Start of Block
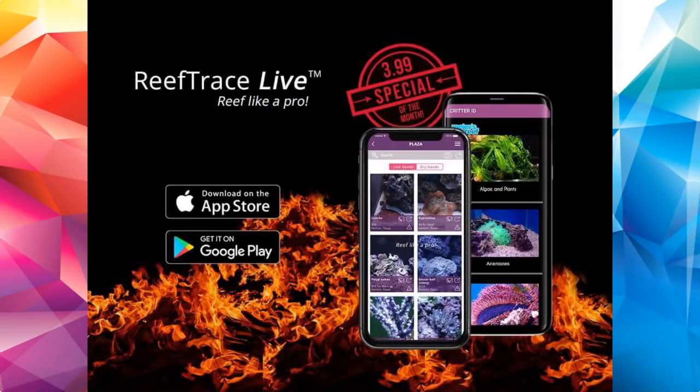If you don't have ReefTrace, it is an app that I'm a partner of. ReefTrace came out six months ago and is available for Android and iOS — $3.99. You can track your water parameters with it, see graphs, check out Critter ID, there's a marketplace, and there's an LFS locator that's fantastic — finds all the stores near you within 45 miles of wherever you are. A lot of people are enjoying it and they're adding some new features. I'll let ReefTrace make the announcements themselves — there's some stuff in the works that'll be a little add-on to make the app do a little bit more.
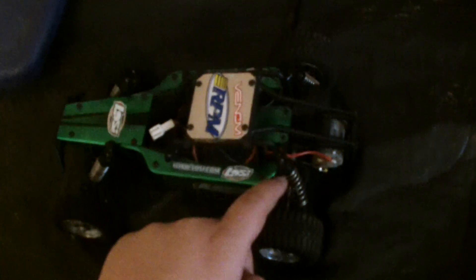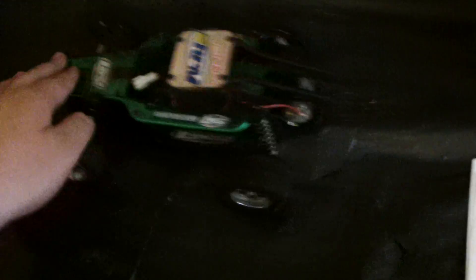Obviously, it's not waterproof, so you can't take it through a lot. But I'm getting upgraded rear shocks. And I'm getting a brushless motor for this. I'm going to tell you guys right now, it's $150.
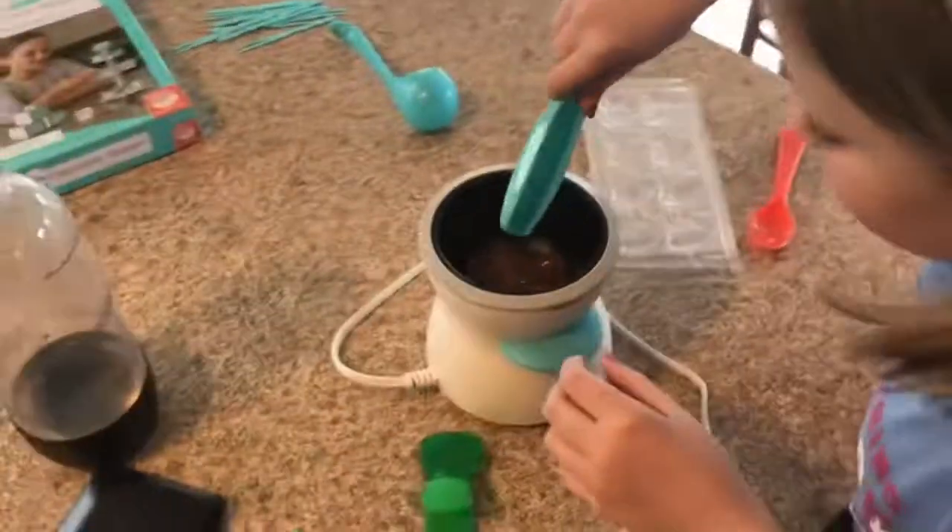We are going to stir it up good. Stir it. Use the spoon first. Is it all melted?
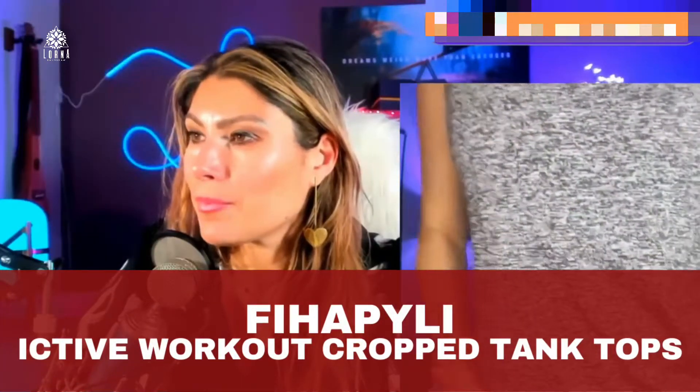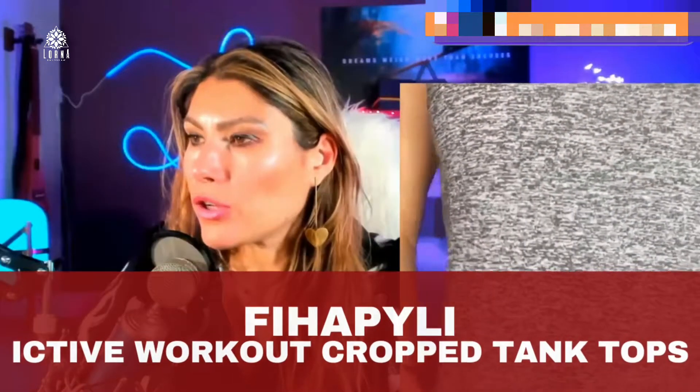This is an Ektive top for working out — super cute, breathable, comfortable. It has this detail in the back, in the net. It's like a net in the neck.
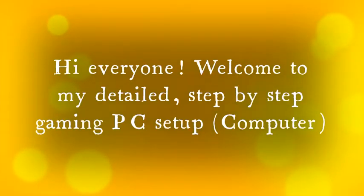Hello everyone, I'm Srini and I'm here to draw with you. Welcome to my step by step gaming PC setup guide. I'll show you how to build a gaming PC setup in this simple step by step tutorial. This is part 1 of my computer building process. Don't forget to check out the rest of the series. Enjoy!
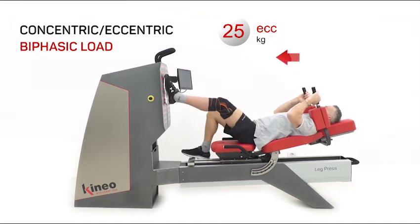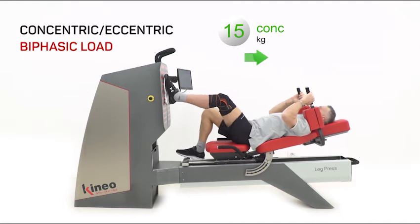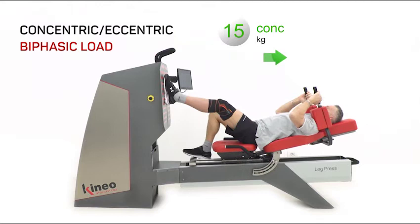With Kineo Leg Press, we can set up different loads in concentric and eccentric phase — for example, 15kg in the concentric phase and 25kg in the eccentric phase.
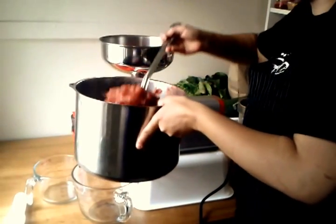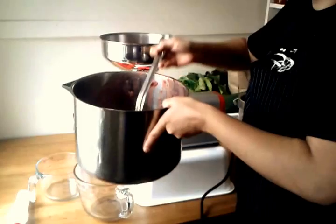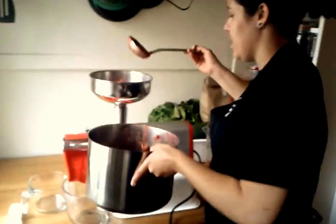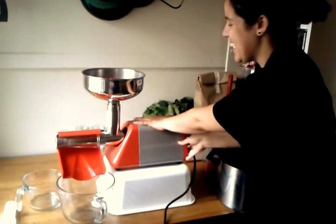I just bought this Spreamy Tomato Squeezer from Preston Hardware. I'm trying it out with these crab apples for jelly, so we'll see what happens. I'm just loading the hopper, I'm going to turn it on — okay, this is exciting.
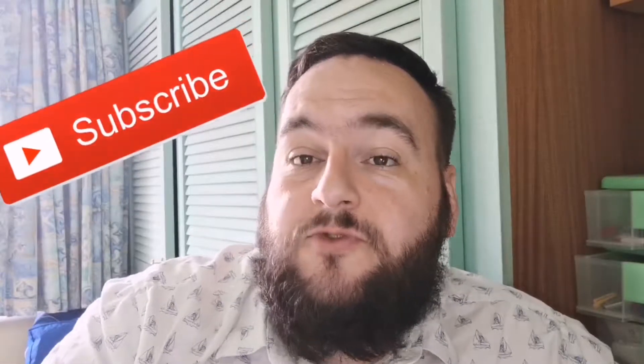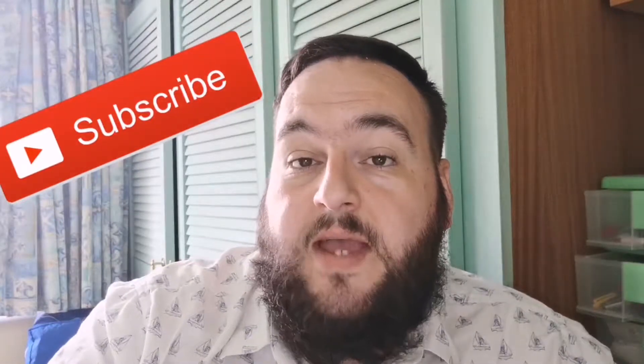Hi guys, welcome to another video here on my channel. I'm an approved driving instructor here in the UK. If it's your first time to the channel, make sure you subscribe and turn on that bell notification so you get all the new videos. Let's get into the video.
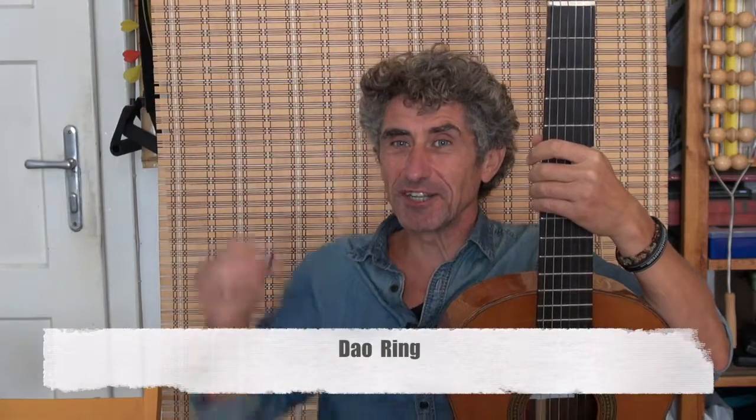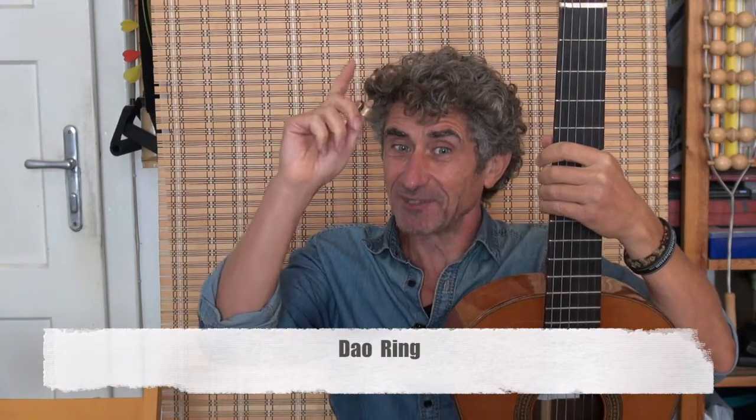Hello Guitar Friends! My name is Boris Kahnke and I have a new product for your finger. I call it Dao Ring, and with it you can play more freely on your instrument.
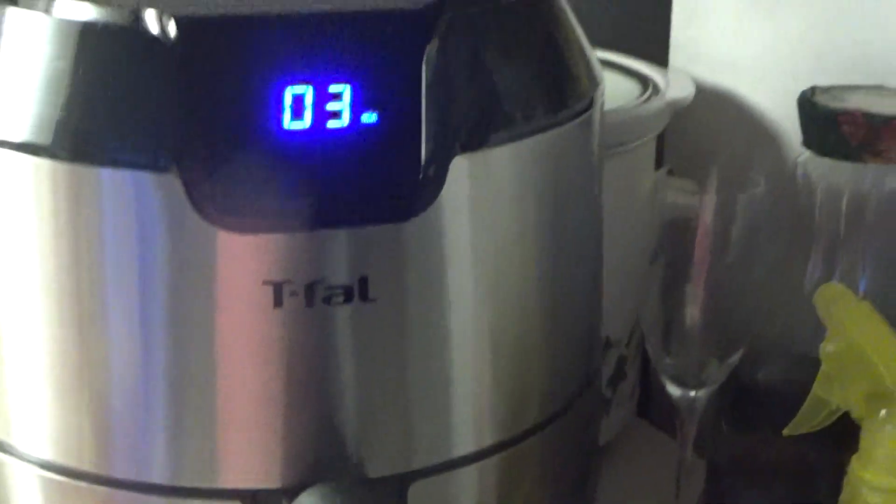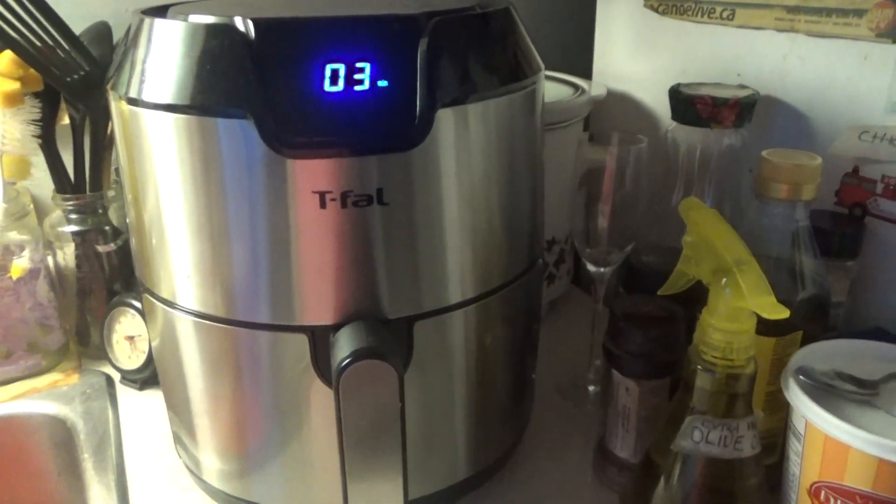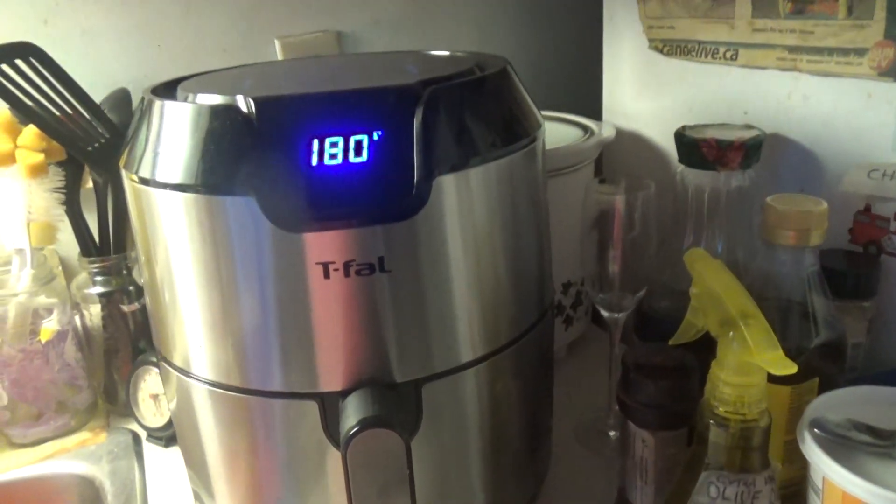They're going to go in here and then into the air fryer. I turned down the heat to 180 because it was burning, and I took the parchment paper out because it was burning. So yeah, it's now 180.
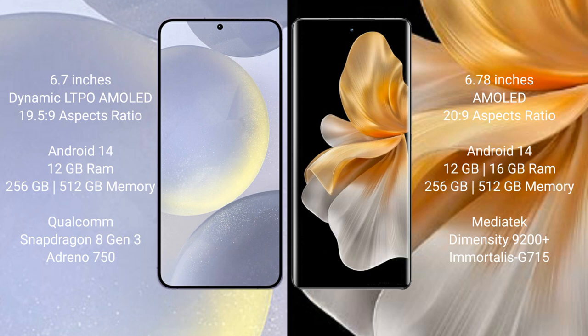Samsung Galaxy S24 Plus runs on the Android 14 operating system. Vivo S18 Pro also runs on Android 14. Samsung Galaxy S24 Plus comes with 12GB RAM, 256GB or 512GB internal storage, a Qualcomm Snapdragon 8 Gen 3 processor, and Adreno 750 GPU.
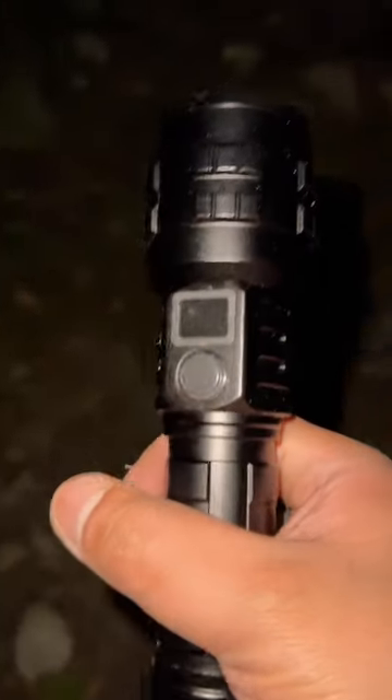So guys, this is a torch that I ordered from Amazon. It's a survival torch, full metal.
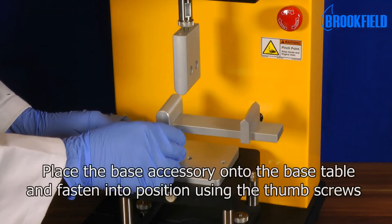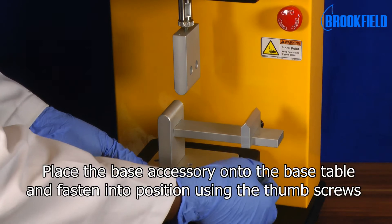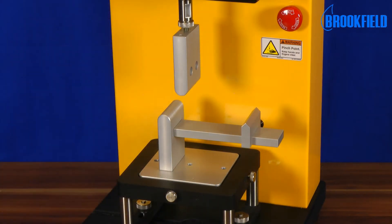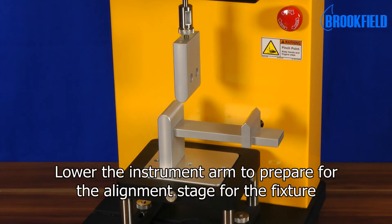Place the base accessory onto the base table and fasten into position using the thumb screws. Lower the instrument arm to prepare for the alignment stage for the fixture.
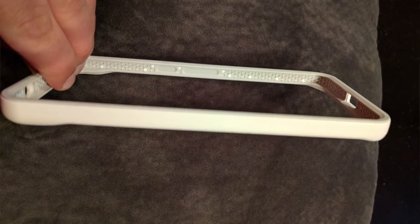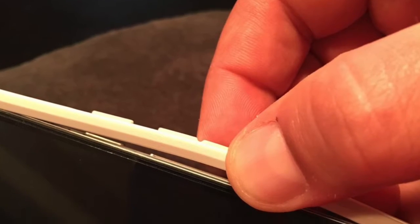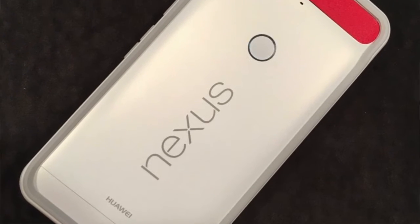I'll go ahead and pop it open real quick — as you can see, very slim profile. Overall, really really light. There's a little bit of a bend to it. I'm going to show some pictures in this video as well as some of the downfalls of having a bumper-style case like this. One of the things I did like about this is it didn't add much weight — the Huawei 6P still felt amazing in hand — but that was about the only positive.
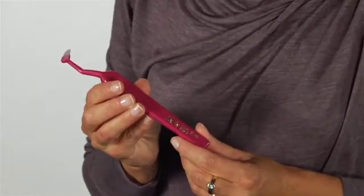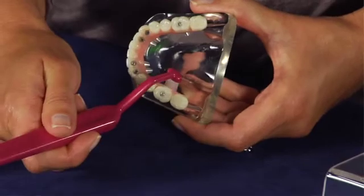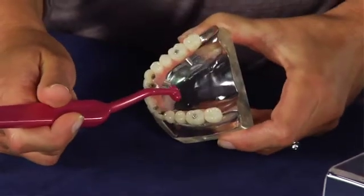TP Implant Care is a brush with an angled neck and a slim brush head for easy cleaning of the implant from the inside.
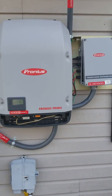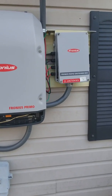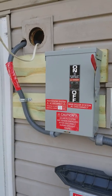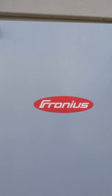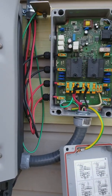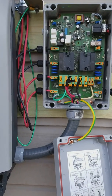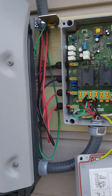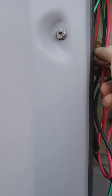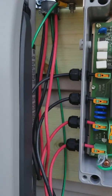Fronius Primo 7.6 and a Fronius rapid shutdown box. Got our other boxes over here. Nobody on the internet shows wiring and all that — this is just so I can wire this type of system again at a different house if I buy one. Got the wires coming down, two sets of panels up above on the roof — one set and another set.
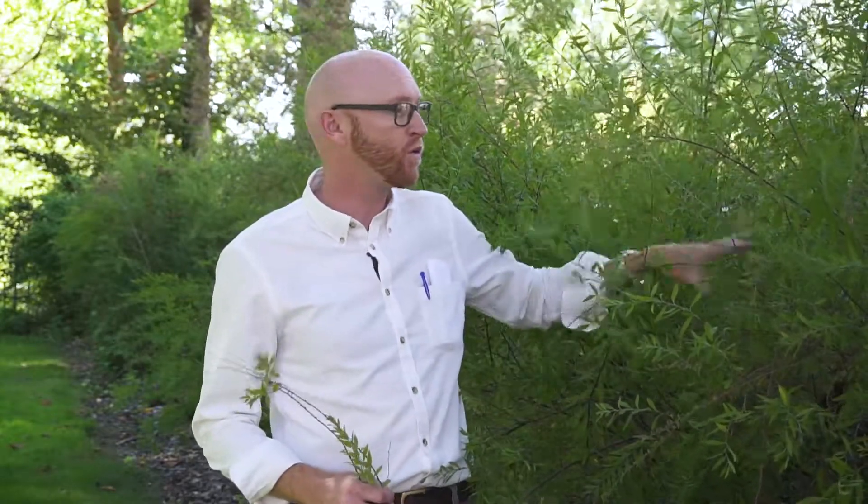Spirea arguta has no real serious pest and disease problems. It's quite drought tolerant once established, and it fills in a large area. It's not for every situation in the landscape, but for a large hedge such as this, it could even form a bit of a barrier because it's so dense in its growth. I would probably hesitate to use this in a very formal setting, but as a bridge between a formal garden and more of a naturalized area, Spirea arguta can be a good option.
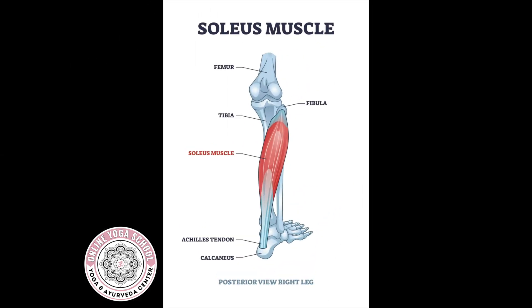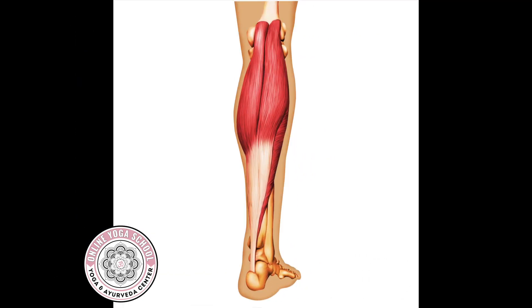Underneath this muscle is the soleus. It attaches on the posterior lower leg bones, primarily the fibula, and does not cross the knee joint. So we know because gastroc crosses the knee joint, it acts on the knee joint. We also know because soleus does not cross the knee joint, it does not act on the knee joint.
End of Block
## Goal of the exercise:
The records above should be written out in full and unchanged, except that pictures are dropped.

## Your response:
If you don't have ReefTrace, it is an app that I'm a partner of. ReefTrace came out six months ago and is available for Android and iOS — $3.99. You can track your water parameters with it, see graphs, check out Critter ID, there's a marketplace, and there's an LFS locator that's fantastic — finds all the stores near you within 45 miles of wherever you are. A lot of people are enjoying it and they're adding some new features. I'll let ReefTrace make the announcements themselves — there's some stuff in the works that'll be a little add-on to make the app do a little bit more.
Obviously, it's not waterproof, so you can't take it through a lot. But I'm getting upgraded rear shocks. And I'm getting a brushless motor for this. I'm going to tell you guys right now, it's $150.
We are going to stir it up good. Stir it. Use the spoon first. Is it all melted?
This is an Ektive top for working out — super cute, breathable, comfortable. It has this detail in the back, in the net. It's like a net in the neck.
Hello everyone, I'm Srini and I'm here to draw with you. Welcome to my step by step gaming PC setup guide. I'll show you how to build a gaming PC setup in this simple step by step tutorial. This is part 1 of my computer building process. Don't forget to check out the rest of the series. Enjoy!
With Kineo Leg Press, we can set up different loads in concentric and eccentric phase — for example, 15kg in the concentric phase and 25kg in the eccentric phase.
I just bought this Spreamy Tomato Squeezer from Preston Hardware. I'm trying it out with these crab apples for jelly, so we'll see what happens. I'm just loading the hopper, I'm going to turn it on — okay, this is exciting.
Hi guys, welcome to another video here on my channel. I'm an approved driving instructor here in the UK. If it's your first time to the channel, make sure you subscribe and turn on that bell notification so you get all the new videos. Let's get into the video.
Hello Guitar Friends! My name is Boris Kahnke and I have a new product for your finger. I call it Dao Ring, and with it you can play more freely on your instrument.
They're going to go in here and then into the air fryer. I turned down the heat to 180 because it was burning, and I took the parchment paper out because it was burning. So yeah, it's now 180.
Samsung Galaxy S24 Plus runs on the Android 14 operating system. Vivo S18 Pro also runs on Android 14. Samsung Galaxy S24 Plus comes with 12GB RAM, 256GB or 512GB internal storage, a Qualcomm Snapdragon 8 Gen 3 processor, and Adreno 750 GPU.
So guys, this is a torch that I ordered from Amazon. It's a survival torch, full metal.
Place the base accessory onto the base table and fasten into position using the thumb screws. Lower the instrument arm to prepare for the alignment stage for the fixture.
I'll go ahead and pop it open real quick — as you can see, very slim profile. Overall, really really light. There's a little bit of a bend to it. I'm going to show some pictures in this video as well as some of the downfalls of having a bumper-style case like this. One of the things I did like about this is it didn't add much weight — the Huawei 6P still felt amazing in hand — but that was about the only positive.
TP Implant Care is a brush with an angled neck and a slim brush head for easy cleaning of the implant from the inside.
Fronius Primo 7.6 and a Fronius rapid shutdown box. Got our other boxes over here. Nobody on the internet shows wiring and all that — this is just so I can wire this type of system again at a different house if I buy one. Got the wires coming down, two sets of panels up above on the roof — one set and another set.
Spirea arguta has no real serious pest and disease problems. It's quite drought tolerant once established, and it fills in a large area. It's not for every situation in the landscape, but for a large hedge such as this, it could even form a bit of a barrier because it's so dense in its growth. I would probably hesitate to use this in a very formal setting, but as a bridge between a formal garden and more of a naturalized area, Spirea arguta can be a good option.
Underneath this muscle is the soleus. It attaches on the posterior lower leg bones, primarily the fibula, and does not cross the knee joint. So we know because gastroc crosses the knee joint, it acts on the knee joint. We also know because soleus does not cross the knee joint, it does not act on the knee joint.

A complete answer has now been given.